Controller functions

Consider these factors when using multi-initiator and HA functions.

Use of the multi-initiator and HA functions require controller and Linux® software support. Controller support is shown in the Feature comparison of SAS RAID cards table. Look for controllers that have HA two-system RAID, HA two-system JBOD, or HA single-system RAID marked as Yes for the configuration that you want. The Linux software levels required for multi-initiator support are identified in Versions of iprconfig for SAS functions.

Specific controllers are intended only to be used in either an HA two-system RAID or HA single-system RAID configuration. Use the Feature comparison of SAS RAID cards table to look for controllers that have Requires HA RAID configuration marked as Yes. This type of controller may not be used in an HA two-system JBOD or a stand-alone configuration.
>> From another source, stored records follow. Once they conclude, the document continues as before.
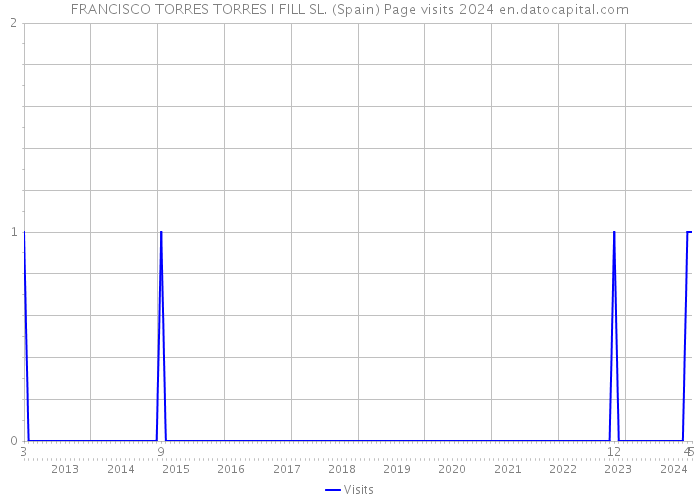 FRANCISCO TORRES TORRES I FILL SL. (Spain) Page visits 2024 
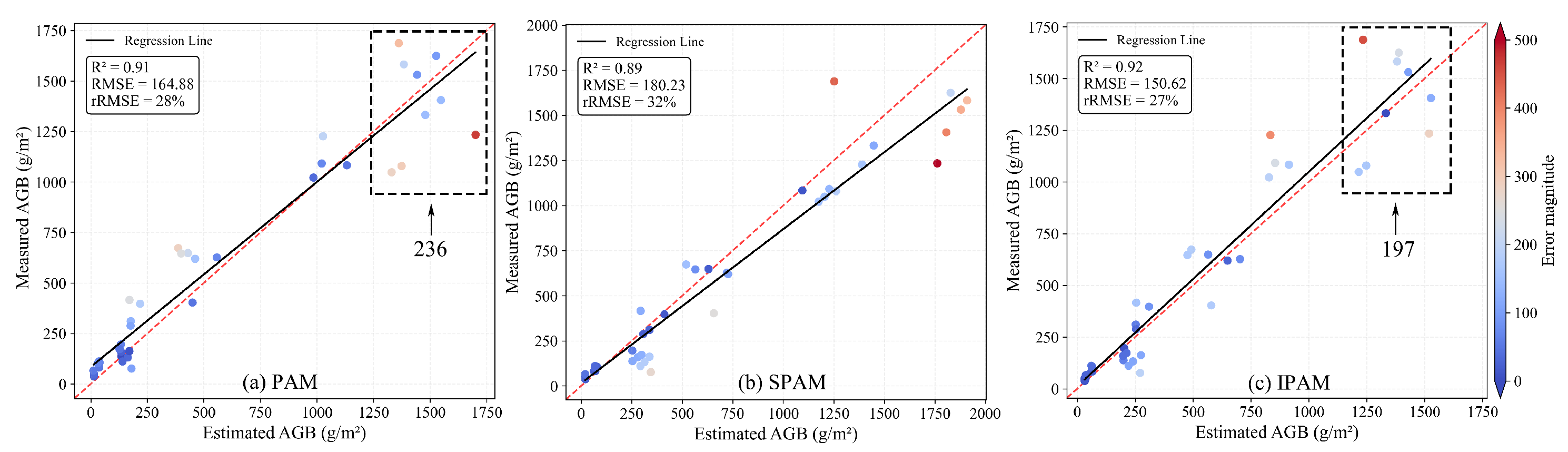 Remotesensing 17 02736 g009 Remotesensing 17 02736 g009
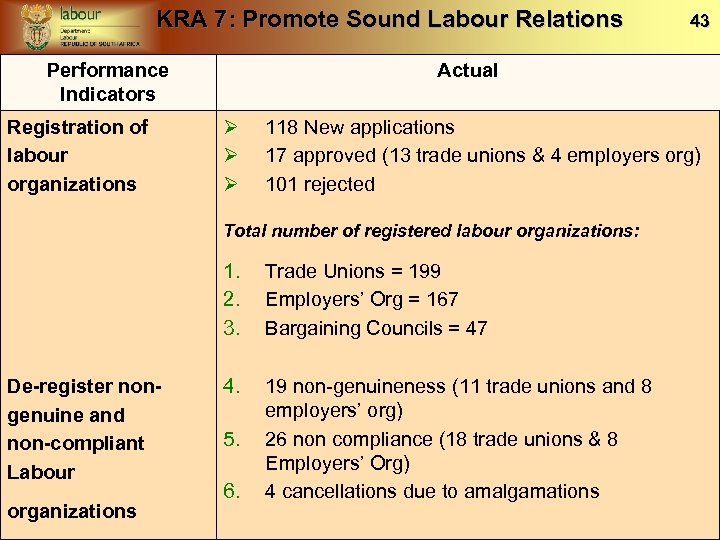 KRA 7: Promote Sound Labour Relations Performance Indicators Registration of labour organizations Actual Ø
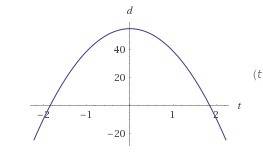 If an object is dropped from a height of 55 feet, the function d = -16^2 + 55 gives the height of th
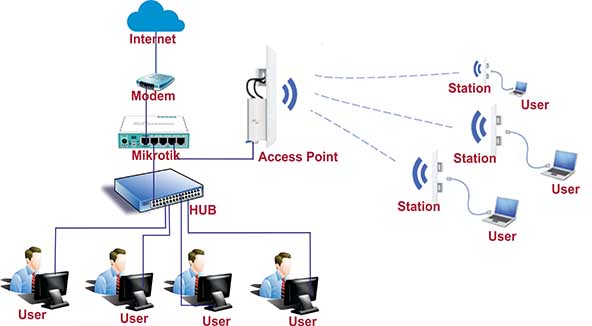 virtual private network mac address filtering worksheet virtual private network mac address filtering worksheet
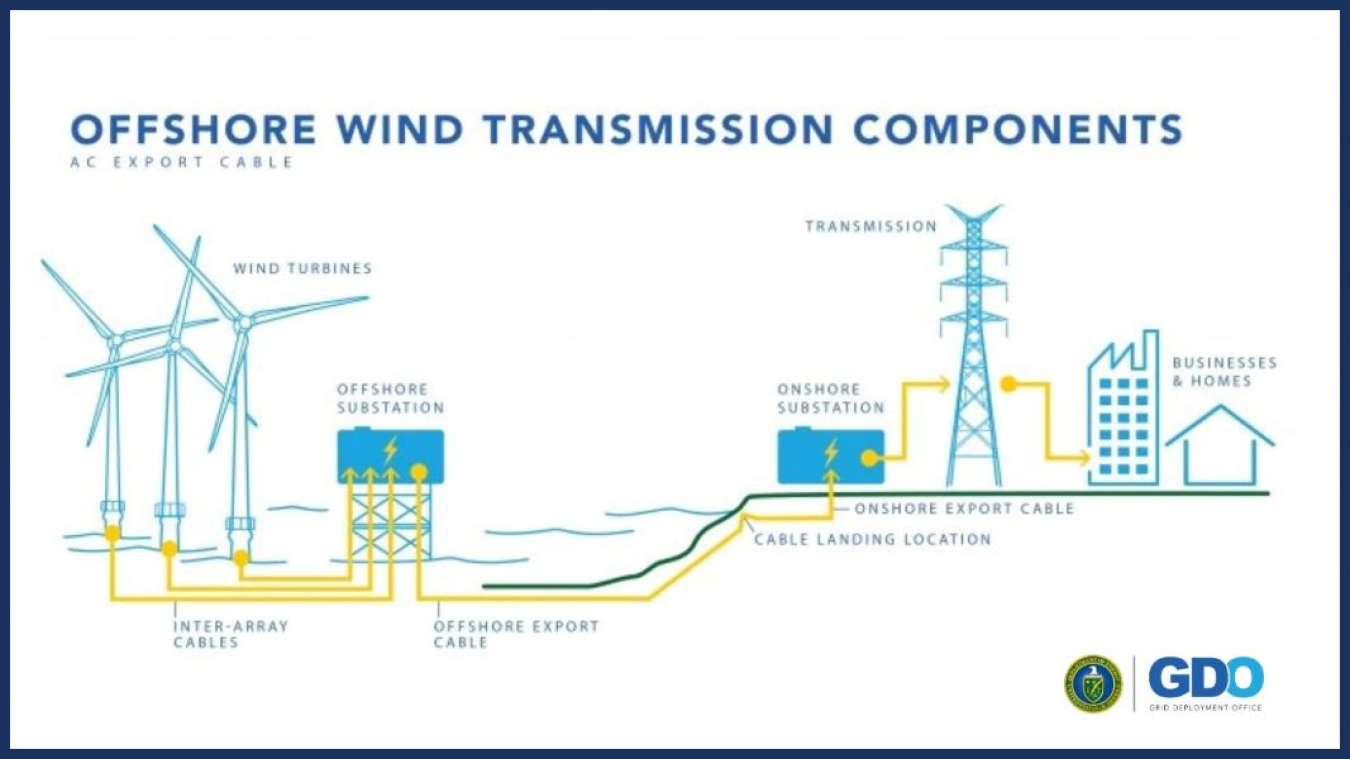 Inter-Array Cables | Wind Turbines | Offshore Substation | Offshore Export Cable | Cable Landing Location | Onshore Substation | Onshore Export Cable | Transmission Tower | Businesses and Homes | GDO (Grid Deployment Office) Logo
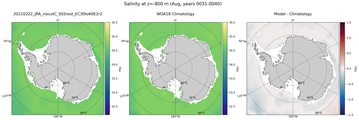Aug Salinity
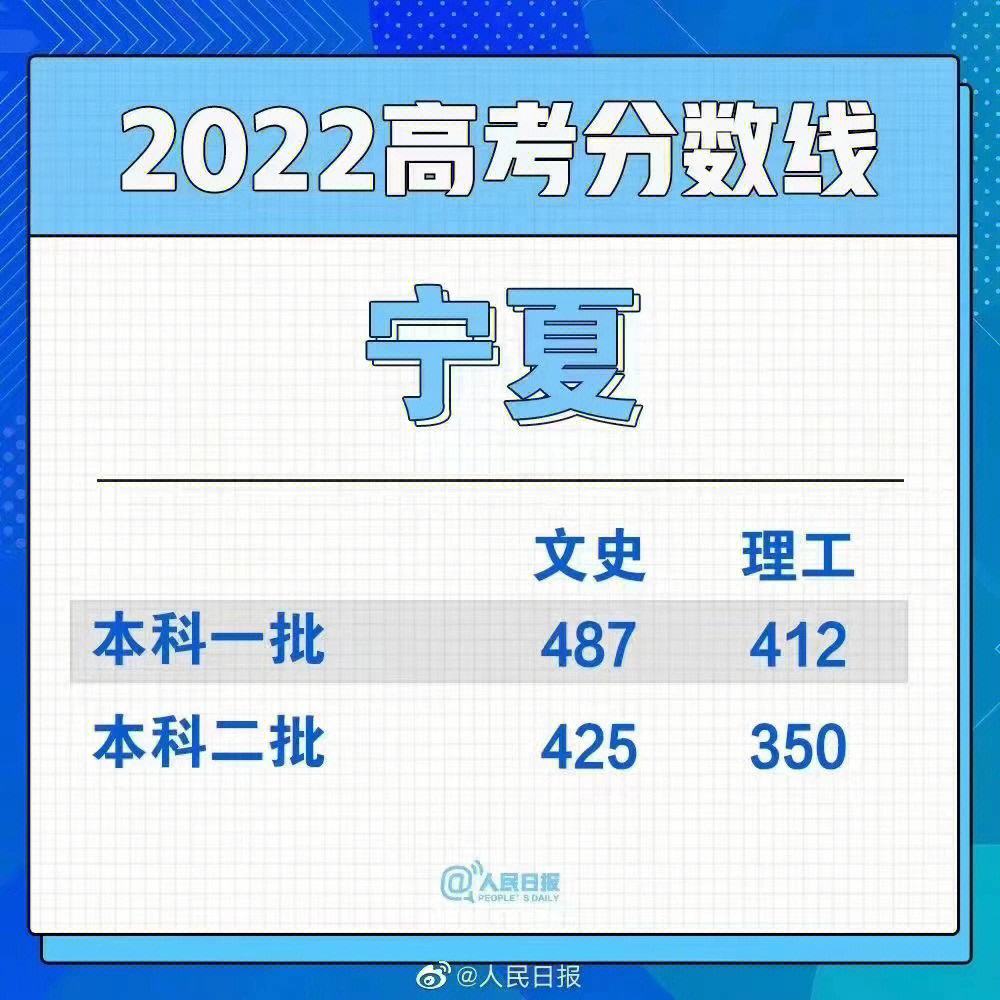 2022安徽二模本科线 2021年安徽高考二模成绩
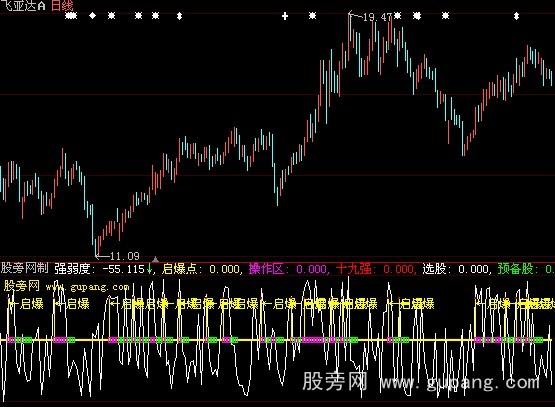 大智慧启爆点指标公式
Controllers connected in a RAID configuration must have the same write cache size (given they support write cache). A configuration error will be logged if the controllers' write caches are not the same size.

When reconfiguring a controller previously configured in a different HA configuration, it is recommended to configure the High-Availability Mode of the controllers to RAID or JBOD before attaching the SAS cables.

For all HA RAID configurations, one controller functions as the primary controller and manages the physical devices, such as creating a disk array or downloading disk microcode. The other controller functions as the secondary controller and is not capable of physical device management.
Note: On two-system configurations, the usage of the disk array may need to be discontinued from the secondary controller before some actions can be performed from the primary controller.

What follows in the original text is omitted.